Counter collections Dict subclass for counting hashable items.
namedtuple collections Immutable and self-documenting tuple subclass with named fields.
heapq heapq Binary heap implementation, useful for priority queues and efficient minimum retrieval.
queue.Queue queue Thread-safe FIFO queue, useful in concurrency contexts.
array.array array Compact storage of basic C-style data types (int, float).
set and frozenset built-in Mutable and immutable sets with fast membership tests.
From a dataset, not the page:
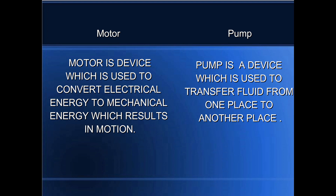A motor is a device which is used to convert electrical energy to mechanical energy, which results in motion. A pump is a device which is used to transfer fluid from one place to another place.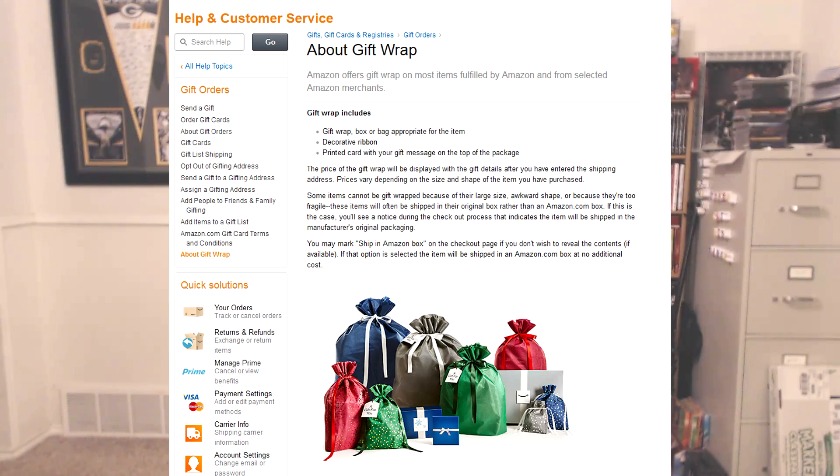I almost always get free delivery. It's boxed up and sent to me, and if you pay a little bit extra in some places, you can even have it wrapped for you if you're just really not into that sort of thing.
bitarray (3rd-party) bitarray Efficient arrays of booleans or bits (optional, if using external libraries).

Problem solving in Computer Science revolves around data structures and algorithms. Structuring a problem using optimal data structures and using the correct algorithms to solve the problem have great impact on the performance and usability for the software.